Ericka Barnes said when her daughter was killed, she thought someone would be arrested within days for the murder, but almost a year later, Barnes is still waiting for that arrest and praying for justice.
“Just knowing that this person is still out here has been very hard, besides the fact that my daughter is gone,” Barnes said.
It’s been 11 months since Mya Lyons was found stabbed to death in an alley near her father’s home in the Auburn-Gresham neighborhood. Richard Lyons told police he found his daughter’s body shortly after he realized she had slipped out of his house around 11 p.m. on July 14th.

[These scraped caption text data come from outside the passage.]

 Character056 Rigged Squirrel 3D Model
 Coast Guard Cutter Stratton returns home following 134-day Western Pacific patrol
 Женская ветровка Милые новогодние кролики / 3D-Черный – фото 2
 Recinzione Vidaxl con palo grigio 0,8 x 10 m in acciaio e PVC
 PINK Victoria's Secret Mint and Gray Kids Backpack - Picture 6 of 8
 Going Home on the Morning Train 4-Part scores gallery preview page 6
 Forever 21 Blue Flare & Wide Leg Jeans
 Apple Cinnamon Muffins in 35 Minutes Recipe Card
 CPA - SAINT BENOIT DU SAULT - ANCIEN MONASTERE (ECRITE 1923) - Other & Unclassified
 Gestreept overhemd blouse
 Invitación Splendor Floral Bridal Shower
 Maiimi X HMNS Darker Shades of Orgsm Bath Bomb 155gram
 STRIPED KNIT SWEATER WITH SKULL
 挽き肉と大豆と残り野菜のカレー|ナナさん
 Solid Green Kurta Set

Mya was visiting him for the summer. Her mother, who lives in Addison, still can’t believe her daughter won’t come home.
“I miss my baby, and people that don’t understand that. I miss her so much,” Barnes said. “They took something.”
Ericka Barnes and her family say the lack of progress in the case adds to their pain, and with every other murder that is solved, they’re left wondering why Mya’s killer is still out there.
“When is it going to be my turn? My daughter to be at peace, when is our justice going to come?” Barnes said.
Barnes and her family say while they pray for the day Mya’s killer is caught, the thought also frightens them.
“I’m scared of who it might be,” Barnes said. “I feel like the person who killed my child, she knew them. Either she knew something, they didn’t want her to say anything. Something happened where they got scared and tried to cover it up by keeping my child silent permanently.”
But Barnes says not even death can silence Mya’s spirit.
“I just feel like she’s with me,” Barnes said. “I feel like I can hear just as well as if she was here, ‘Mama, it’s okay. It’s going to be okay.'”
CBS 2 wanted Mya’s father Richard Lyons to be a part of this story, but his attorney declined our request for an interview.
As for the investigation, Chicago Police will only say this is an ongoing investigation, and no one has been charged with the crime.
In the meantime, Mya Lyons’ mother and her family are planning a July 25th ceremony where they will release 365 balloons in remembrance of Mya.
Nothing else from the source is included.